Everyone pursuing their Vocations abroad are expected by the State to demonstrate fluency in the language and familiarity with the culture of their destination. They may like, dislike or be indifferent to the People’s Party (or the ‘Ruling Party’, if the regime is Liberal Capitalist) of the destination, but they need to be made aware that they are only there on behalf of the diplomatic consulate at the embassy, which is going to be located somewhere in the foreign nation’s capital. As for the Intents of Command and Obedience, our State will only allow Enterprises with an Economic Organization Rank of “National-Socialized,” “State-Owned” or “State-Administrated.” A State-Administrated Enterprise that works abroad is always under the direct command of our State, a State-Owned Enterprise under our State’s indirect command. We can expect most of our Enterprises working abroad to be National-Socialized Enterprises, which is under the command of the hosting State’s Intents of Command and Obedience. The NSE is more flexible in the international movements of Arbeit, Geld and Information than the SOEs or SAEs. While NSEs are always the last Enterprises to leave in the event of strained diplomatic relations, whatever economic organization that acted as their superior is likely to be an SAE or SOE.
Multilateral Real Trade
Multilateral Real Trade will only be made available once there are at least three or more countries with their Currencies pegged to the Work-Standard. Going back to the established scenario, State A and State B are joined by States C, D and E under the terms of a revised Real Trade Agreement. The five States agreed to allow fifteen NSEs, SOEs and SAEs to operate in the other four States. The basic premise from earlier still applies, except now they include concepts drawn from SMP Compendium Entry “The State and the Socialist Conception of Property.”
Any NSE, SOE or SAE sent by State A to States B, C, D and/or E will be sent back to State A. States B, C, D and E keep the Arbeit from the Enterprises of State A because everyday operations are being done by the citizens of those four nations.
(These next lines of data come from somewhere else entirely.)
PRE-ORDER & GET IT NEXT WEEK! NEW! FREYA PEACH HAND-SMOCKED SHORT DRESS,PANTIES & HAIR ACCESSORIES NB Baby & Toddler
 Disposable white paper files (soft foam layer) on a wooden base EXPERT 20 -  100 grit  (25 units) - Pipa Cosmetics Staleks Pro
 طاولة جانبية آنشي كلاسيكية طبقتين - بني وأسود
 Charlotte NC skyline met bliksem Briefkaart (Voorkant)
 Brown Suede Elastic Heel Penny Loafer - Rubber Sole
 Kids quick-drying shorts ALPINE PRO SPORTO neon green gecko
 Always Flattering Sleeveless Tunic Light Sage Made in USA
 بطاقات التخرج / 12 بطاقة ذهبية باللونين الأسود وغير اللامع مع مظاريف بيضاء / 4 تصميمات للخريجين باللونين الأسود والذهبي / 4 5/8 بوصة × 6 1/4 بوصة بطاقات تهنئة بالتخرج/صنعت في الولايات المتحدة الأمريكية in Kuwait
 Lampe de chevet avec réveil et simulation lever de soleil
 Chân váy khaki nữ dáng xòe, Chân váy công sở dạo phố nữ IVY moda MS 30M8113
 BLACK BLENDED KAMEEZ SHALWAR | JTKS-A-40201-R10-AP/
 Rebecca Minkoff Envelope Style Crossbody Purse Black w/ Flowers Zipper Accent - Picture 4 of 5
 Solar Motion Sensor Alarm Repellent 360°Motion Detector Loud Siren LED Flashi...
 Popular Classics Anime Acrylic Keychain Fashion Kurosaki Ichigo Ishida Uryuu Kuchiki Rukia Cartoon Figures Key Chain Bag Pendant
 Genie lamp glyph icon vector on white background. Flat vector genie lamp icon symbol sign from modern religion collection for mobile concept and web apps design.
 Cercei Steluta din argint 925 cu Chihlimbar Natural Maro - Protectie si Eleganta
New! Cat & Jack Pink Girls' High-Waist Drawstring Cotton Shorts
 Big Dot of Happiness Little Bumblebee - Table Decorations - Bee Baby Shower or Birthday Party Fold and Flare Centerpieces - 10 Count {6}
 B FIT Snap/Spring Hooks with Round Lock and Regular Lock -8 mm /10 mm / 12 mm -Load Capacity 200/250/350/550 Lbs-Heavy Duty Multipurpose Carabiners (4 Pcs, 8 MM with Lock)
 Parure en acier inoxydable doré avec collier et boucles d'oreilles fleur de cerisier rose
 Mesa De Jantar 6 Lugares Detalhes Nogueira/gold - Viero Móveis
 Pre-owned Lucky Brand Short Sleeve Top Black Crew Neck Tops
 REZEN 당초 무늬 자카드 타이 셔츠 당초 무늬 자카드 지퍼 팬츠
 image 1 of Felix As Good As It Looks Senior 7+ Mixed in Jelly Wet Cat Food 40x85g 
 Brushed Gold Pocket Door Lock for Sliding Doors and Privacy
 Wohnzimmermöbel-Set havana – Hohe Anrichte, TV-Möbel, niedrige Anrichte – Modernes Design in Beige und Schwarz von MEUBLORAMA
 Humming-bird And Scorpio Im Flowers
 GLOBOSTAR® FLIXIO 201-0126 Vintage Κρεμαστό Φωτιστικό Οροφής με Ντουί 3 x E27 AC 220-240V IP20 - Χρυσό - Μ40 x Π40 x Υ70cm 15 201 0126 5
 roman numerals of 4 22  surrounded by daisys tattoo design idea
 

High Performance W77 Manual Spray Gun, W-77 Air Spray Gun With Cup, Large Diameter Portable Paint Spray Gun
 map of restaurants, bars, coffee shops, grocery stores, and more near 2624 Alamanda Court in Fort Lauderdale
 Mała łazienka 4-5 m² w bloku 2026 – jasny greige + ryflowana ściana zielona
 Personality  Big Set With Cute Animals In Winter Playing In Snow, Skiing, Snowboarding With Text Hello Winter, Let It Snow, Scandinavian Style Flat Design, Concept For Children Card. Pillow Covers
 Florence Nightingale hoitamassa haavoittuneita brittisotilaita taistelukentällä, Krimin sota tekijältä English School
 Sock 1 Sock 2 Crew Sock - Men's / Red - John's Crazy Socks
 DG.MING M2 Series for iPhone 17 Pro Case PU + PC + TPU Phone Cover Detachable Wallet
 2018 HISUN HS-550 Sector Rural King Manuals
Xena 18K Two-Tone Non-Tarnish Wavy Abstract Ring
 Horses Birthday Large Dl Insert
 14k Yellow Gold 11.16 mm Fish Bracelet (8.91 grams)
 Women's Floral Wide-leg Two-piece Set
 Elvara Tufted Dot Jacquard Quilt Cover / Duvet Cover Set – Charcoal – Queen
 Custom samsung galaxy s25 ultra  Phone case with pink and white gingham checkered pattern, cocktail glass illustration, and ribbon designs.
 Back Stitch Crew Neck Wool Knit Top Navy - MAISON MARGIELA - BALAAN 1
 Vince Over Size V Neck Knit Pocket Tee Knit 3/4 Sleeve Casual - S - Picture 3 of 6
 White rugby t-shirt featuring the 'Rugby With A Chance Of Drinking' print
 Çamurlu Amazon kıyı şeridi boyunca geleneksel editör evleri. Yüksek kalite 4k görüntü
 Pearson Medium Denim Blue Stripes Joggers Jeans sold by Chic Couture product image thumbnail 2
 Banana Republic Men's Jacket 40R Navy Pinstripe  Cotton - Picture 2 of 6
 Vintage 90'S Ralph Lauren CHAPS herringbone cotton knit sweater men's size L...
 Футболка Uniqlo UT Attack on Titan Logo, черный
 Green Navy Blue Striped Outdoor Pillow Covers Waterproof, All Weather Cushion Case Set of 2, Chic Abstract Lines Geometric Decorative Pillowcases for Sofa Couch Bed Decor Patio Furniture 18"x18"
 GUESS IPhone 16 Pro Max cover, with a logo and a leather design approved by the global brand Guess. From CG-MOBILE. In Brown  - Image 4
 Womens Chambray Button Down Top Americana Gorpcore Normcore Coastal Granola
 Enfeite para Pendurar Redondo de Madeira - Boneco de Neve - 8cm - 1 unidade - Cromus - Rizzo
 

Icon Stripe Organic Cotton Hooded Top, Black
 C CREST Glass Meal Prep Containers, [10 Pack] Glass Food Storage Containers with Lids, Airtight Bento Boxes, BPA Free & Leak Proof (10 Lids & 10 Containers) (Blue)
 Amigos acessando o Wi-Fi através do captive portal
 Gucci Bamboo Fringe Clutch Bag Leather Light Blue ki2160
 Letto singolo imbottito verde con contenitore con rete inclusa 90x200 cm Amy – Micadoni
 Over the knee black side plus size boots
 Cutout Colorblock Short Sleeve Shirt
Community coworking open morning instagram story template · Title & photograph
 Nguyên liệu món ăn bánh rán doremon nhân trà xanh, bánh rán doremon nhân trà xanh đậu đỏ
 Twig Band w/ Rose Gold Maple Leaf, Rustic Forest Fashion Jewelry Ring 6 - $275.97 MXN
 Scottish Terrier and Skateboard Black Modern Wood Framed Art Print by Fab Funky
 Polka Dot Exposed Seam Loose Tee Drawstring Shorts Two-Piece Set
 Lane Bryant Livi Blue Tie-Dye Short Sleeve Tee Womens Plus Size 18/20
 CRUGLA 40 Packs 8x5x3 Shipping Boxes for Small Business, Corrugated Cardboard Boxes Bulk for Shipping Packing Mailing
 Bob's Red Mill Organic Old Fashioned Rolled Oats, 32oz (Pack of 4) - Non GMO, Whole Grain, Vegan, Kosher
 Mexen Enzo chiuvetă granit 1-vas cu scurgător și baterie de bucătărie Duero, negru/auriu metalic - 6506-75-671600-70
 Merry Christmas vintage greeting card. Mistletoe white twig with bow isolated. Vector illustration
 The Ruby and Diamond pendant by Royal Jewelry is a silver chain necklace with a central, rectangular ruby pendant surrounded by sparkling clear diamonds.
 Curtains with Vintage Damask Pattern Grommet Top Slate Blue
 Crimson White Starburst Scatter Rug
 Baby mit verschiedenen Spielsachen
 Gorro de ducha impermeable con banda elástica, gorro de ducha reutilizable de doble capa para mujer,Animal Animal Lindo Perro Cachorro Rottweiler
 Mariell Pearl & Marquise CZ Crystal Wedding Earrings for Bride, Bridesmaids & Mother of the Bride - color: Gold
Alternatively, Alternatively, if neither of the other States does not have anyone who can operate the fifteen Enterprises, it is possible for State A to allow their own citizens to work abroad. State A gets the Arbeit as the owner of those Enterprises and State A will be receiving the Geld.
If the fifteen Enterprises from State A have its own citizens working alongside the citizens of States B, C, D and E, State A has two options. Either State A arranges with each of the other four States on separate rates based on a per-State basis or sets the rate with the other four States together before their Heads of State sign the RTA. This phenomenon is called a “Solidarity Preference,” and we can expect the rates of Arbeit and Geld to not be uniform. The challenge here is more different than simple Bilateral Real Trade between States A and B, but the general premise is still the same regardless: all five States must decide for themselves and their Totalities on the international agreements that they are bound to uphold under international law.